Yes, it all boils down to how much you can actually spend. Can you splurge or do you have to stick to your budget? Remember, buying an instrument is just the beginning, you still have to think of your tuition, maintenance costs and upgrades.
Models and Manufacturers
With the vast assortment of music instruments, buying one can be overwhelming. Your best bet is to research everything you can about your instrument of choice. The internet is a wonderful resource; you can read consumer product reviews and post questions on message boards of online music communities. If possible, ask the opinion of real musicians, music teachers and instructors. There are also music magazines you can peruse that have product reviews and recommendations.
Where to Go
When I buy something, especially if it's an item I'm going to use for a long time, I try to canvass first before I buy. Go to music retail stores available in your area and compare the prices and quality of the instrument. You can also surf the net, make sure though that the online shop has a high customer satisfaction rating. Also, get insurance just in case something happens to your instrument while being transported. Consulting your local newspapers for postings is also a good bet.

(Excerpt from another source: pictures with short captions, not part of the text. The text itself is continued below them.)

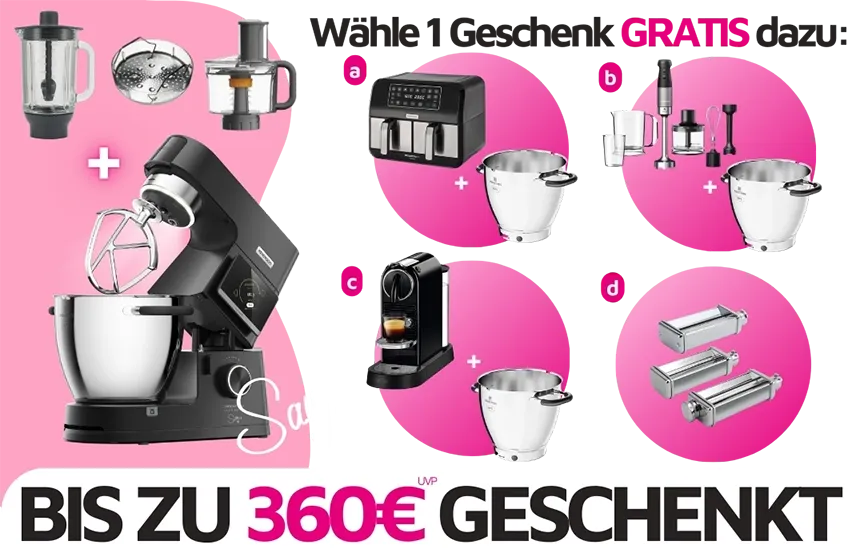 Kenwood Sally Edition 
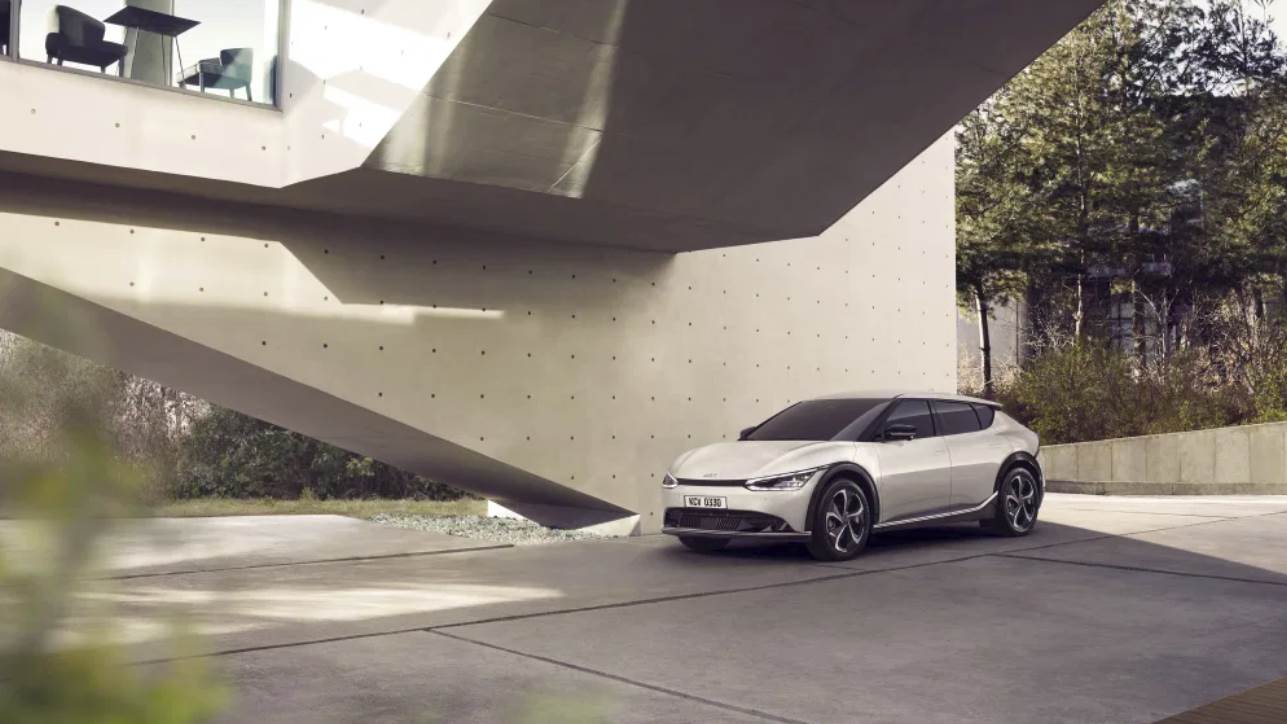 kia ev6 električni automobila 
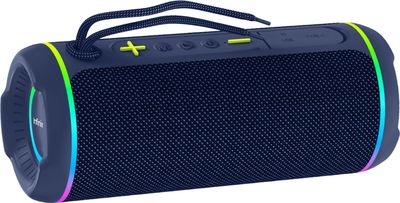 Infinix BT Speaker X20 20 W Bluetooth Speaker (Blue, Stereo Chann...more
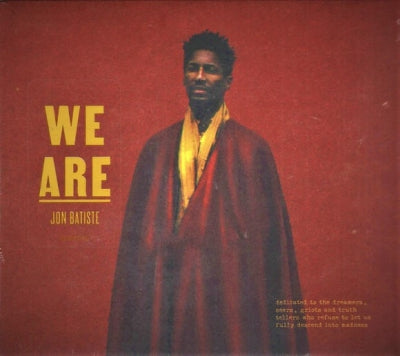 JON BATISTE - We are
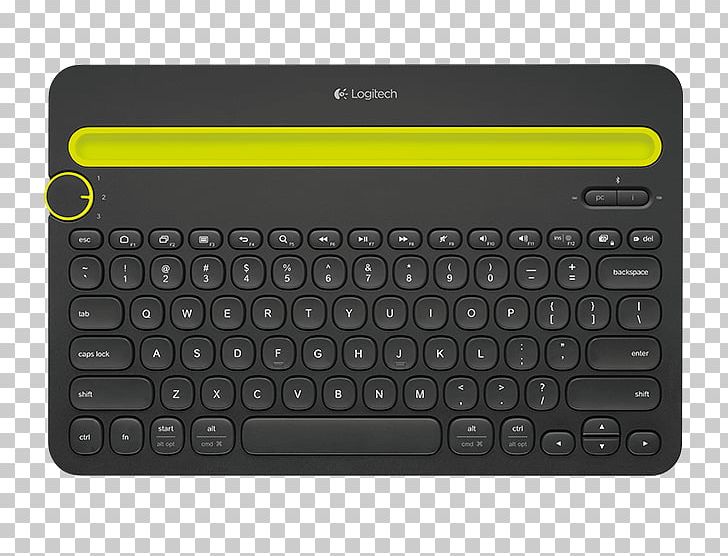 Computer Keyboard Logitech Multi-Device K480 Logitech K780 Membrane Keyboard Wireless Connectivity Logitech K480 Keyboard Wireless Connectivity Bluetooth PNG, Clipart, Bluetooth, Computer, Computer Keyboard, Electronic Device, Electronics Free PNG Download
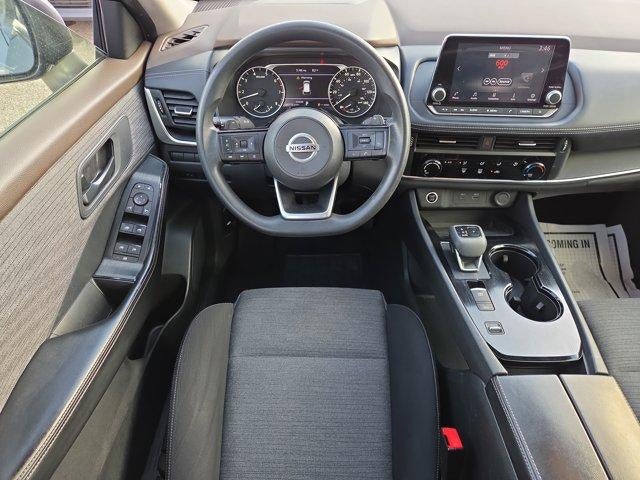 2021 Nissan Rogue FWD S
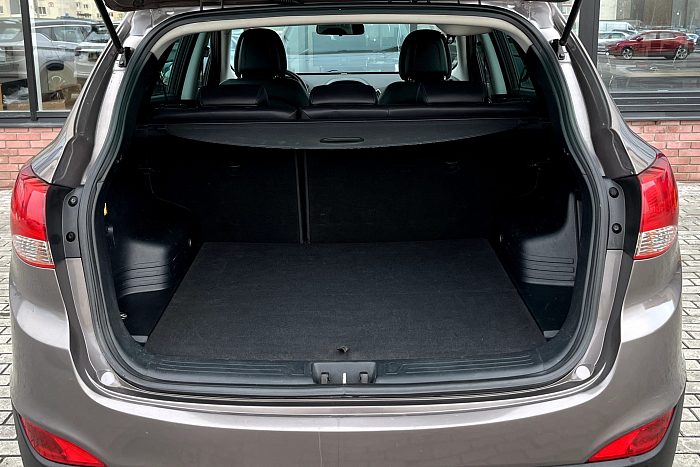 Hyundai ix35, Бензин, 2.0, Автомат, Передний привод, Внедорожник - 22
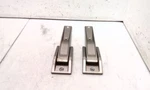 Jeep Tj Wrangler Oem Tailgate Hinges Light Khaki Pjc 1997-2003 138537 Used. Price: $99.99.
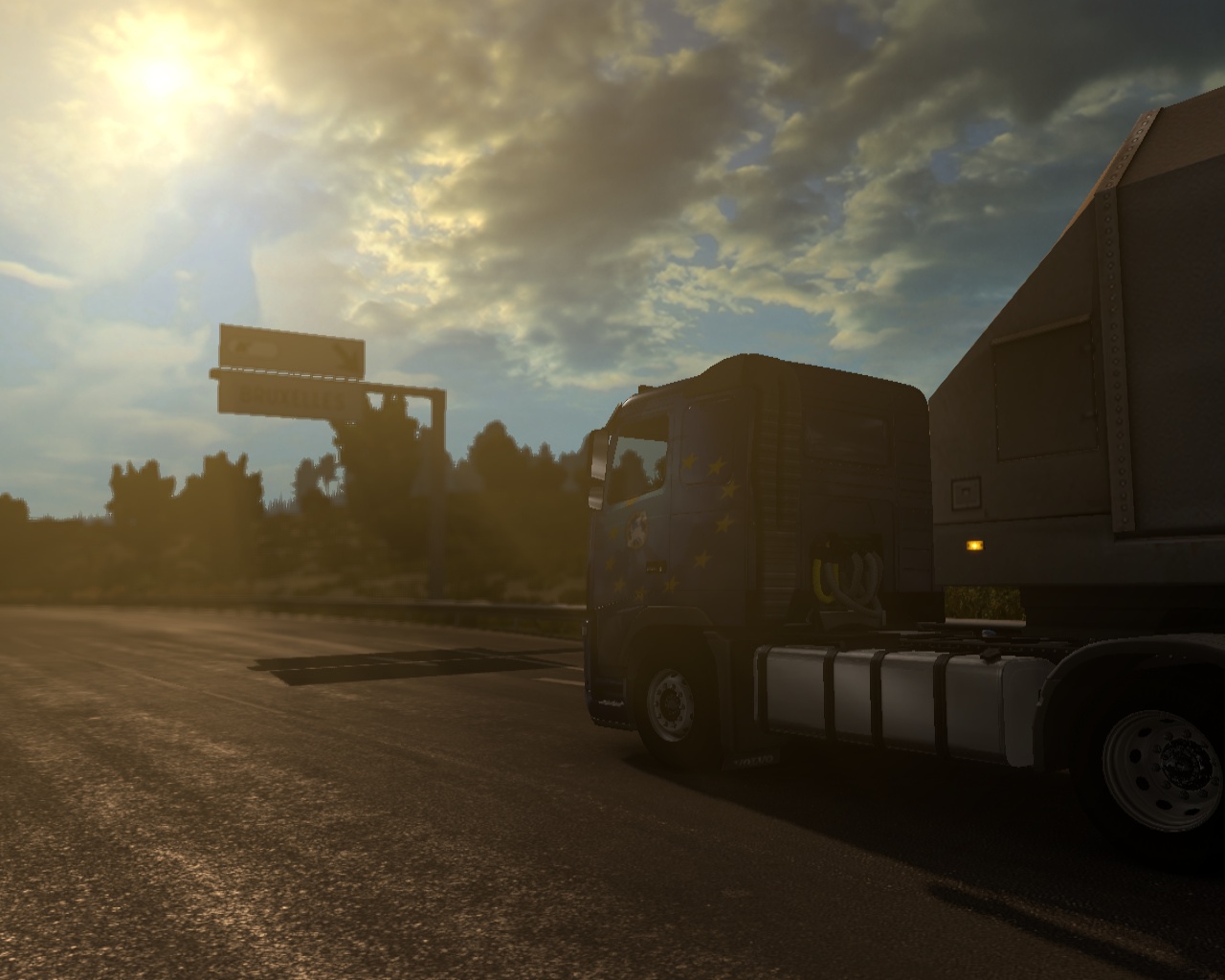 Image by truckercole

Student models of string instruments, such as the violin and viola, are mostly affordable. These instruments are fairly easy to learn but initially progress can be slow. One advantage of string instruments is that it's very popular so you'll have no trouble finding a teacher or joining a group. Also, some string instruments are easier to transport and though it is prone to damage, it is cheaper to repair compared to other instruments. Non-electric string instruments are suitable for beginners.
One common advantage of wind instruments is that it is easier to carry than other instruments. Prices will vary from the affordable (ex. trumpet) to the very expensive (ex. trombone). It is fairly easy to learn and mostly inexpensive to repair. When buying a trumpet or cornet, opt for those with an unpainted finish.
Keyboard Instruments (Piano)
The piano remains one of the most popular and versatile instruments today. Obvious drawbacks of pianos are its size, which makes it hard to transport. It is also very expensive but very durable, although if damaged, repairs can be costly. The piano may be harder to learn than other instruments because it requires reading music pieces in double-stave. However, when you master it, it's well worth it.